How do I know if I should be worried about someone?
Becoming familiar with warning signs and resources, being willing to listen, and ready to take steps to reduce access to lethal means are tools you can always have in your toolbox.
Know the Signs: Pain isn’t always obvious, but most suicidal people show some signs that they are thinking about suicide. The signs may appear in conversations, through their actions, or in social media posts. If you observe one or more warning signs of suicide, especially if the behavior is new, increased, or seems related to a painful event, loss, or change, step in or speak up. Visit the Know the Signs section of www.suicideispreventable.org to learn the warning signs of suicide.
Find the Words: “Are you thinking of ending your life?” Few phrases are as difficult to say to a friend or loved one. But when it comes to suicide prevention, none are more important. Visit the “Find the Words” section of www.suicideispreventable.org for suggestions to get the conversation started.

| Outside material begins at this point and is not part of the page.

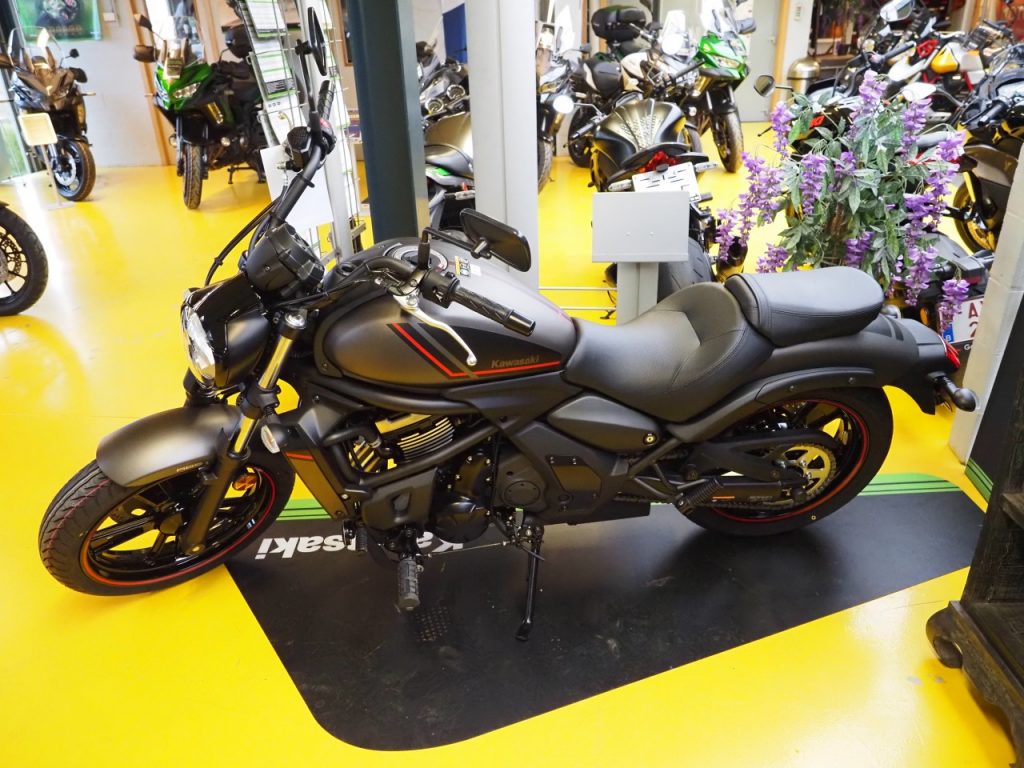 Des nouvelles Kawasaki, en visite chez Golden Bikes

Having the conversation is less about persuading someone not to end their life, and about showing that you are concerned, helping the person to find hope and remember their reasons for living.
Reach Out: You are not alone in helping someone in crisis. There are many resources available to assess, treat, and intervene. Crisis lines, counselors, intervention programs and more are available to you as well as to the person experiencing the emotional crisis. Visit the “Reach Out” section of www.suicideispreventable.org to find a list of resources in your county, as well as state and national resources, to help you connect and prepare.
Instinct and compassion: two tools you can always count on
There is no foolproof process for knowing exactly the right thing to do. Trust your instinct if it tells you something is wrong. Leading with compassion can help create safe spaces for people to talk about their pain and this is one of the most helpful things you can do.
Many people who have lost someone to suicide don’t feel the same compassion from others that those who have lost a loved on another way experience. Some of this is because people are uncomfortable talking about suicide. Consider reaching out to someone who has lost a friend or loved one to suicide. Ask them about how the person they lost lived rather than focusing on the way they died.
The more we talk about suicide and suicide prevention, the more we can reduce the stigma around the subject and infuse our communities with hope and healing.